→ WORK ORDER
For the material below, return exactly the lines starting at the one holding "Lista de Verificación" and ending at the one holding "To koniec. Legia", counting both as part of the range.

→ MATERIALS PROVIDED
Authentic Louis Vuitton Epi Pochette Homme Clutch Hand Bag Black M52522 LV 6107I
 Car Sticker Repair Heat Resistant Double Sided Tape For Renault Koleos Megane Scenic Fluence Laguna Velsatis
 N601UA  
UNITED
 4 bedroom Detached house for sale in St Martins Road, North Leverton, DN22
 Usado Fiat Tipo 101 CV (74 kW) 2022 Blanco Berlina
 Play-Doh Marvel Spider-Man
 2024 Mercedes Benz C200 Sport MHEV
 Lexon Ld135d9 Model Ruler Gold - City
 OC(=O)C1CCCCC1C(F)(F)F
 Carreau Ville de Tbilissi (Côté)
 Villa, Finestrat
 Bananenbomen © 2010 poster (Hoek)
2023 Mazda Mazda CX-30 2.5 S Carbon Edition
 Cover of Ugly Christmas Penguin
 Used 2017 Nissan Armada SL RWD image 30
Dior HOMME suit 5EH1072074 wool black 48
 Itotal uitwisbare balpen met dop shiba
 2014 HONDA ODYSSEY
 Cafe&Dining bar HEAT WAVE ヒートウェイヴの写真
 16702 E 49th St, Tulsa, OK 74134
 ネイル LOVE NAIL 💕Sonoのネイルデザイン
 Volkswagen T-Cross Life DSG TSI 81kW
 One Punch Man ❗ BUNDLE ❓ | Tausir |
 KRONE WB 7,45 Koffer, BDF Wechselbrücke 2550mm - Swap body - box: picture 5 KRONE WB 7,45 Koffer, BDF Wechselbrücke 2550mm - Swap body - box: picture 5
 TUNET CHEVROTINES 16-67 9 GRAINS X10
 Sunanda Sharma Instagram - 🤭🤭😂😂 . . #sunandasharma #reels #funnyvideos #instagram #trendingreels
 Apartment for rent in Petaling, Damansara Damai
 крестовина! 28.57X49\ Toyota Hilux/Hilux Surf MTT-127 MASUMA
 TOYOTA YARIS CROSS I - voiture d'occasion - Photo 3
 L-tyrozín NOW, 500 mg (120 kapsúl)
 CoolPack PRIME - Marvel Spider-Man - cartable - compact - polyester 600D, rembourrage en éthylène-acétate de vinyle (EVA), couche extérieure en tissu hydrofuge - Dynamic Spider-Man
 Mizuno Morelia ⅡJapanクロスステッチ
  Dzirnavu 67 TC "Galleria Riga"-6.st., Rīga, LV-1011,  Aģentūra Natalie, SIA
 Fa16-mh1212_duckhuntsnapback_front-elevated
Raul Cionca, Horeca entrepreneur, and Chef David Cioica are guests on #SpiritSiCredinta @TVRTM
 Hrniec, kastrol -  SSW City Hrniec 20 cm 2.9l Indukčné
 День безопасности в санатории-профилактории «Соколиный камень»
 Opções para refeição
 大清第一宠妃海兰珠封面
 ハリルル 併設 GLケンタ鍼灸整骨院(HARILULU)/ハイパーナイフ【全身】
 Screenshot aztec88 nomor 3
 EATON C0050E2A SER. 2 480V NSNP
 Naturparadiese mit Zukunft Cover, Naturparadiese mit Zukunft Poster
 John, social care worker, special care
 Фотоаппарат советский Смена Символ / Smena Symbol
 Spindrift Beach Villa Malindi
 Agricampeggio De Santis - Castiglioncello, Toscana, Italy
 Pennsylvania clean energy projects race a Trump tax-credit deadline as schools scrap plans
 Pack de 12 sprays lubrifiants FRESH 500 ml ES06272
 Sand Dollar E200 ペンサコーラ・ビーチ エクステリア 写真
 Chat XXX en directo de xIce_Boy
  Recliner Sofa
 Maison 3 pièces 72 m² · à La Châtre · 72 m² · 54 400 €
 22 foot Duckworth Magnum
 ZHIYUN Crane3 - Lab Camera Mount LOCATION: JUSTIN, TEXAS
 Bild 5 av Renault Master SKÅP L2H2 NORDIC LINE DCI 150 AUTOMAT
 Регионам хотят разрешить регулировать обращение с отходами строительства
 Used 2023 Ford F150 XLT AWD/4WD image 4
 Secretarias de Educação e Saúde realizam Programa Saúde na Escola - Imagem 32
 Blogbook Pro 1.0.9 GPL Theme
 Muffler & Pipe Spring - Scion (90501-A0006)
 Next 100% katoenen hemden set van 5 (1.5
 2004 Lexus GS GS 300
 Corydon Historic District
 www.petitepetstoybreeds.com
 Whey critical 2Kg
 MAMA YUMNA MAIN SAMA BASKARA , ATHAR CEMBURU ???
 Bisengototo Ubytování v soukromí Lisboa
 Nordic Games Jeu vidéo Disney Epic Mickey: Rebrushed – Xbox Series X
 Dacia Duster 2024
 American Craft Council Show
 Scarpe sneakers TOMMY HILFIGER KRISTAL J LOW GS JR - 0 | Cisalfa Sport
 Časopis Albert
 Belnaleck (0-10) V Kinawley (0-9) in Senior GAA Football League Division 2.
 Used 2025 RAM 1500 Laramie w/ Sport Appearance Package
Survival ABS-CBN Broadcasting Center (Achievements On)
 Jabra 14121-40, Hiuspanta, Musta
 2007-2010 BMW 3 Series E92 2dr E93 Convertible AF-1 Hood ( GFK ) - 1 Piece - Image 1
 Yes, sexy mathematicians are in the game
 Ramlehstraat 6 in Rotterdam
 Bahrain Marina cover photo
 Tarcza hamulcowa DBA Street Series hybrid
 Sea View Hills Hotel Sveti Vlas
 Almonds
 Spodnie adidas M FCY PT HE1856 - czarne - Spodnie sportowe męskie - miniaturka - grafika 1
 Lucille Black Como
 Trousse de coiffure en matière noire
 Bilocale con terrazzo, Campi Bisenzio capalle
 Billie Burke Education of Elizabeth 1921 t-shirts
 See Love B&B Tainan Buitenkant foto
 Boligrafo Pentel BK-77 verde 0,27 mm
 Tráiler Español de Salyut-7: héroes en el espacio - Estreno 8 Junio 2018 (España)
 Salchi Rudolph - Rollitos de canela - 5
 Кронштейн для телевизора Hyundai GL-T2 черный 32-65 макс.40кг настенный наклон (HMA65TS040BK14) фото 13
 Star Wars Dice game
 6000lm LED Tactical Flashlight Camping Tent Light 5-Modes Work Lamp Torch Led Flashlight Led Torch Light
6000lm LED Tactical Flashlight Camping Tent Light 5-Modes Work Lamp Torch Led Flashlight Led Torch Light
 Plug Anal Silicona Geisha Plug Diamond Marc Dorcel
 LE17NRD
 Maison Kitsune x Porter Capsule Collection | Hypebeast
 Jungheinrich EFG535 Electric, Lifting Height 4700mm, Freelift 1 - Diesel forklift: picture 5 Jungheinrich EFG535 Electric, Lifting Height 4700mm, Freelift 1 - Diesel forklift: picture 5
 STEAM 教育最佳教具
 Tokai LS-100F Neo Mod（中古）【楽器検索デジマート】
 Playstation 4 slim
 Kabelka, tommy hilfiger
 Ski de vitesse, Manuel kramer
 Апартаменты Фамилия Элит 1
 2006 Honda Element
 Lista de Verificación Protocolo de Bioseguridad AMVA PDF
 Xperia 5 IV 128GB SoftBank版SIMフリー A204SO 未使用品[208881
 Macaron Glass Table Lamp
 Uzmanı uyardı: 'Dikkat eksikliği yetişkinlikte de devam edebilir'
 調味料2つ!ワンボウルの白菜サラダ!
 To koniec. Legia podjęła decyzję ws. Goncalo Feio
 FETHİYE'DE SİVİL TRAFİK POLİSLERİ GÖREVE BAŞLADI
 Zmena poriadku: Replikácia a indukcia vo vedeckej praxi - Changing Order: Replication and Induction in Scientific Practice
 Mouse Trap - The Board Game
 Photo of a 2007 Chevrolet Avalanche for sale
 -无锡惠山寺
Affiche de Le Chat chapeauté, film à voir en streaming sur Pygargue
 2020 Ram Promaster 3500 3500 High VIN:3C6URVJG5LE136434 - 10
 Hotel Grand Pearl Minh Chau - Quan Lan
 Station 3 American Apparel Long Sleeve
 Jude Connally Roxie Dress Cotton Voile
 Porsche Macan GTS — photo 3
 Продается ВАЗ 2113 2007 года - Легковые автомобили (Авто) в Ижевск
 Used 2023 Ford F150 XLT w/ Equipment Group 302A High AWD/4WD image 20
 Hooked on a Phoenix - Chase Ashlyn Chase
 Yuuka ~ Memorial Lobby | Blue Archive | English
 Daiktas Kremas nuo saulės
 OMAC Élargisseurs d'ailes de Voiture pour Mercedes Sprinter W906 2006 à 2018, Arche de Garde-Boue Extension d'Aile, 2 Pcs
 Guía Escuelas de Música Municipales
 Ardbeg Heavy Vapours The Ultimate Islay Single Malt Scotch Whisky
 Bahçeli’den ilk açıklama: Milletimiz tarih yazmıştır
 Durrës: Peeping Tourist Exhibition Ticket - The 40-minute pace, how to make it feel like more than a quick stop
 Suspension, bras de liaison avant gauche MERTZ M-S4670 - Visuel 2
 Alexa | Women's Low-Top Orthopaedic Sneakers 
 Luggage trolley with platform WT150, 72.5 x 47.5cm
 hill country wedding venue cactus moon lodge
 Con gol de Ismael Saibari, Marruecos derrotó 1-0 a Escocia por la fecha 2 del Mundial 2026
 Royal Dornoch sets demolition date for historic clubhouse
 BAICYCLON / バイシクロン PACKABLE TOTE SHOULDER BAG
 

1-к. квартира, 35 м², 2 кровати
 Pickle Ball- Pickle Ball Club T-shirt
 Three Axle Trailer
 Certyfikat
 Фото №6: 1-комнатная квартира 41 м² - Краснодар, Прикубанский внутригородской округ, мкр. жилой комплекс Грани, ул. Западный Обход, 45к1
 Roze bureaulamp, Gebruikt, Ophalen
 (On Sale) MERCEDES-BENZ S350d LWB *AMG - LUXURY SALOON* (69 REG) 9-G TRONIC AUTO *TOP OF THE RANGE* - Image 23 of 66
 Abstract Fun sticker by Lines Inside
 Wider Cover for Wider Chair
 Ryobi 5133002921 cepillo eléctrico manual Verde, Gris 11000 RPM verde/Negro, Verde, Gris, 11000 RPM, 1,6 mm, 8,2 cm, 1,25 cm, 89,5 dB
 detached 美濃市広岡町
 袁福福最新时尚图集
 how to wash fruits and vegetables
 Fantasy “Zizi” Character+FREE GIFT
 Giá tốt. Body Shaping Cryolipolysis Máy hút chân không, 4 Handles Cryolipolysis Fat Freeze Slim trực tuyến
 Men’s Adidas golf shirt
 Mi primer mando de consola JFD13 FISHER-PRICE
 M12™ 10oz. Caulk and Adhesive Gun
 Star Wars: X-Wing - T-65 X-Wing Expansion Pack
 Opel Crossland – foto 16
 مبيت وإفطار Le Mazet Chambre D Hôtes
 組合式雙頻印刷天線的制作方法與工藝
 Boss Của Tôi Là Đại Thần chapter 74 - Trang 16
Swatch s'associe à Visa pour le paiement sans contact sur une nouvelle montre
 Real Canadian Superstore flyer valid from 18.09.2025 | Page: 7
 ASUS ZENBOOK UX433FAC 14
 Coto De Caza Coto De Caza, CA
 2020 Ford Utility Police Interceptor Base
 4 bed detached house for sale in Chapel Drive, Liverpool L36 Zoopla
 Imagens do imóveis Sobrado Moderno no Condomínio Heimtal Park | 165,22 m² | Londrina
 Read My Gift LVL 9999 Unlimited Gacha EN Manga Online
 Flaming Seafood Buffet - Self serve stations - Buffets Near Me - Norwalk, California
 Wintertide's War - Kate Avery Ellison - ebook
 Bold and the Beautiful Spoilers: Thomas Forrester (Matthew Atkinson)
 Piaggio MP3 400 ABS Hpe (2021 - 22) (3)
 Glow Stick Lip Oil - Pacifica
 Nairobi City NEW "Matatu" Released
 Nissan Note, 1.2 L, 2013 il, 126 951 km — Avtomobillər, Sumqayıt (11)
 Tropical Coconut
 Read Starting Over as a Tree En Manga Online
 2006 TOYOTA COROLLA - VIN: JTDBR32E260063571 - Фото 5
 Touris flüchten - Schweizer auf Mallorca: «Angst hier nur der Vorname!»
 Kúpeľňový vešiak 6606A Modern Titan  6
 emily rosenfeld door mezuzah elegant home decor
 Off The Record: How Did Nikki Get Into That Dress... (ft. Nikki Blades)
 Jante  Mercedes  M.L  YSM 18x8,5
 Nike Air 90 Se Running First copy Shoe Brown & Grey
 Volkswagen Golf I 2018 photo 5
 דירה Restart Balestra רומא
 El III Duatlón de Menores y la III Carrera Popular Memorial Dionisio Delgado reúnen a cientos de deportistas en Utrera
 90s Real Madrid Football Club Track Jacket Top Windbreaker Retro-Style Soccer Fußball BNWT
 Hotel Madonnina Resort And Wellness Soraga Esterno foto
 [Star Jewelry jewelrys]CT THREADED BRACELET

→ YOUR SOLUTION
 Lista de Verificación Protocolo de Bioseguridad AMVA PDF
 Xperia 5 IV 128GB SoftBank版SIMフリー A204SO 未使用品[208881
 Macaron Glass Table Lamp
 Uzmanı uyardı: 'Dikkat eksikliği yetişkinlikte de devam edebilir'
 調味料2つ!ワンボウルの白菜サラダ!
 To koniec. Legia podjęła decyzję ws. Goncalo Feio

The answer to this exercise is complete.